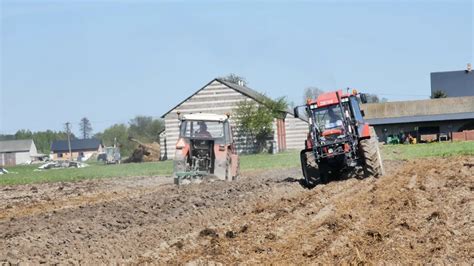 Ci Gniki Na Jednym Polu Obornik I Orka X Zetor Case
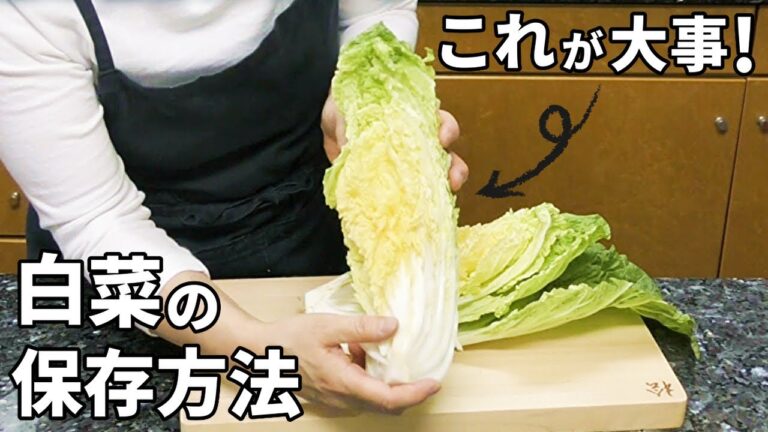 白菜の保存方法と選び方の極意！意外なポイントを全てお話します！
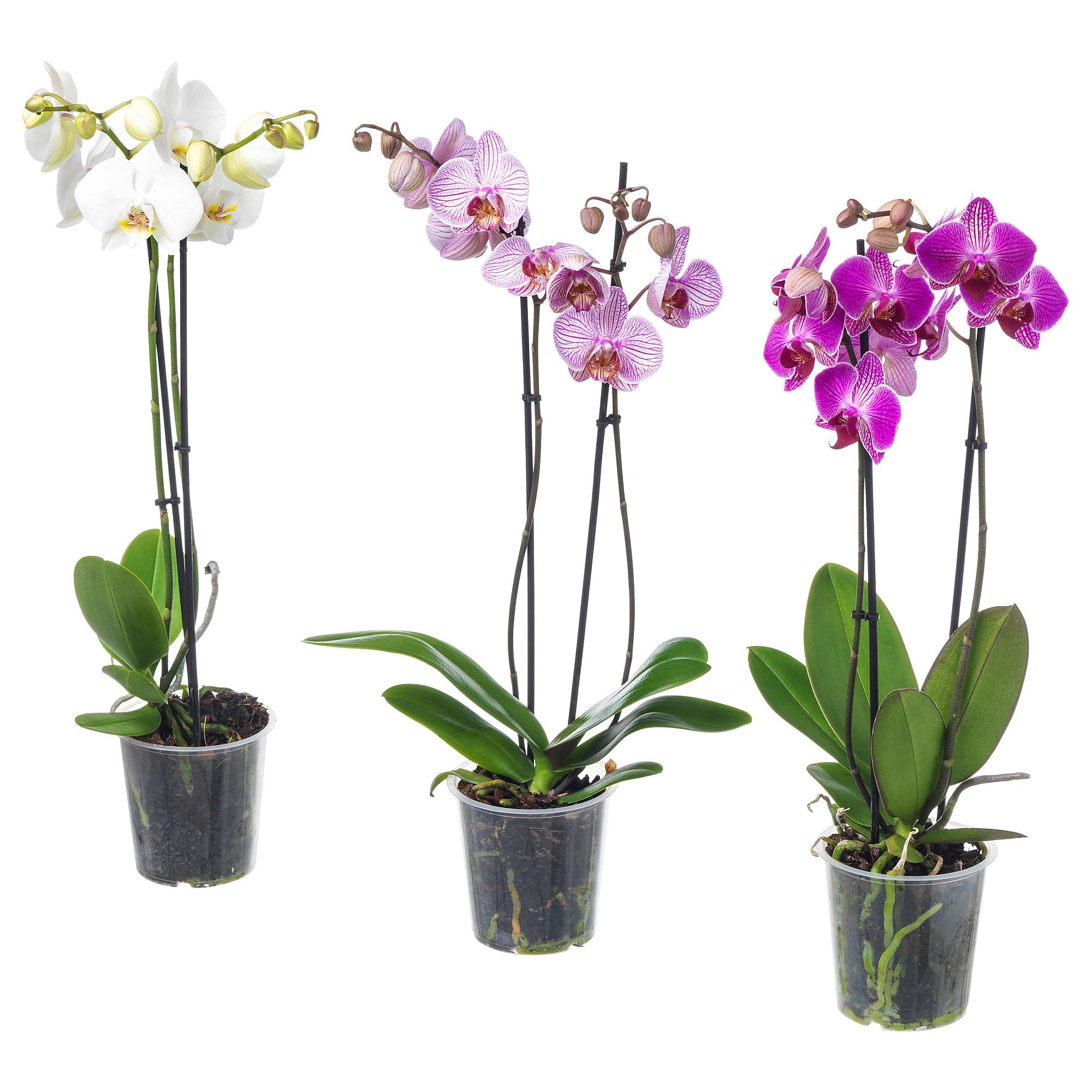 Купить орхидею в горшке авито. Фаленопсис икеа. Орхидея фаленопсис икеа. Растение Горшечное фаленопсис. Фаленопсис микс 2 ствола.
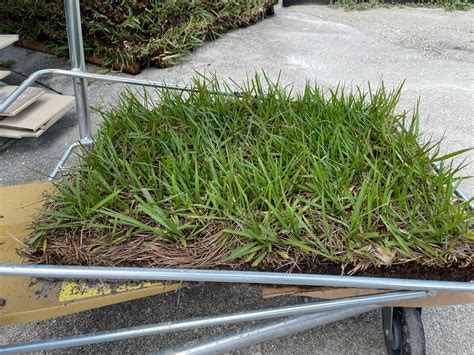 Everything you need to know about Bahia grass in Florida – Smart Sod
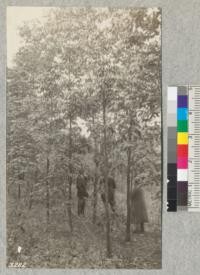 Experimental planting on sterile ferruginous sand at Mont Alto State Forest, Pa., white Ash (left), Rock Oak (Q. montana) largest trees, to right. White Ash seems to poison soil so pines do not succeed when interplanted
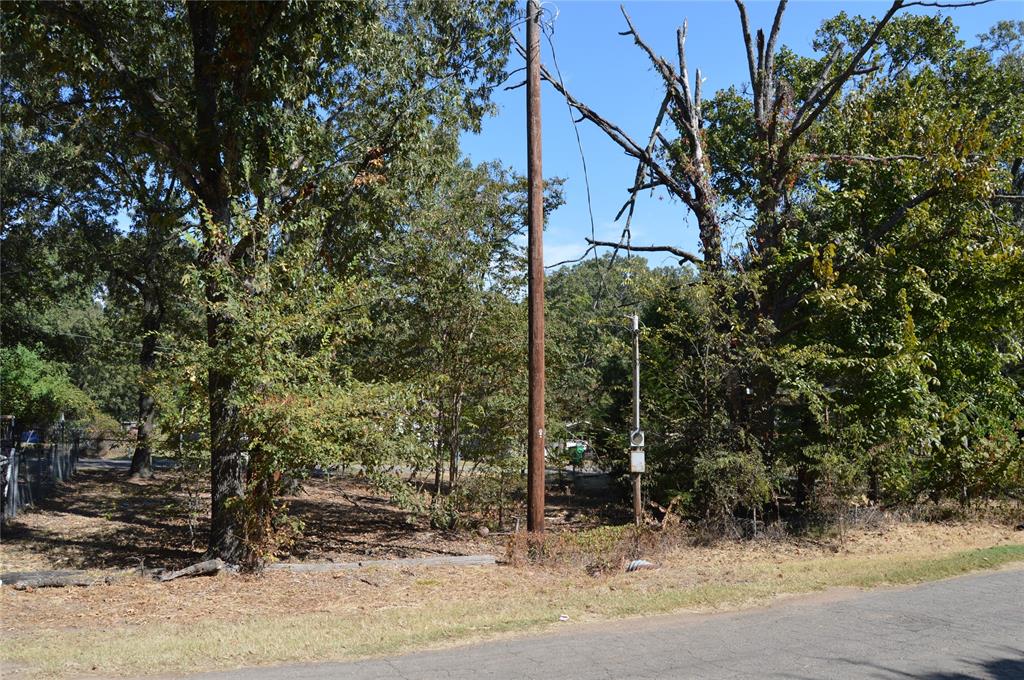 7704 Private Road 7704 Road, Unit 7704 Emory, TX 75440 - Photo 15 of 20 a picture of a tree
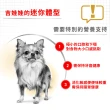 【ROYAL 法國皇家】吉娃娃成犬專用飼料 CHA 3KG(狗乾糧 狗飼料)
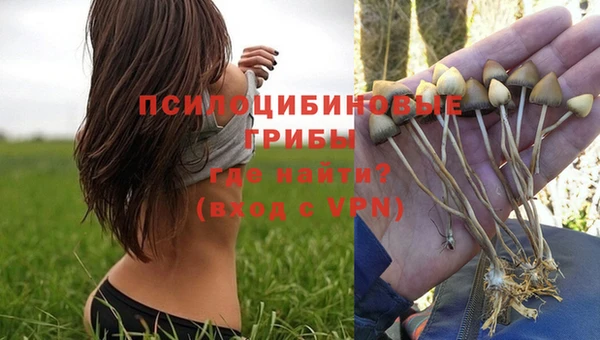 индика Бронницы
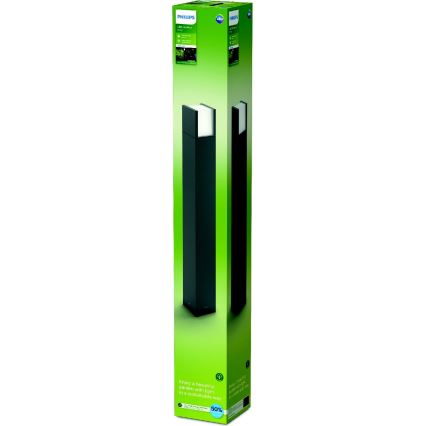 Philips - Вулична світлодіодна лампа LED/3,8W/230V 77 см 3000K IP44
§
REQUIREMENT >> Within the entries above, the lines from the one with "Experimental planting on" through the final line are to be printed exactly, with the pictures removed.

RESULT FOR THIS TASK >>
 Experimental planting on sterile ferruginous sand at Mont Alto State Forest, Pa., white Ash (left), Rock Oak (Q. montana) largest trees, to right. White Ash seems to poison soil so pines do not succeed when interplanted
 7704 Private Road 7704 Road, Unit 7704 Emory, TX 75440 - Photo 15 of 20 a picture of a tree
 【ROYAL 法國皇家】吉娃娃成犬專用飼料 CHA 3KG(狗乾糧 狗飼料)
 индика Бронницы
 Philips - Вулична світлодіодна лампа LED/3,8W/230V 77 см 3000K IP44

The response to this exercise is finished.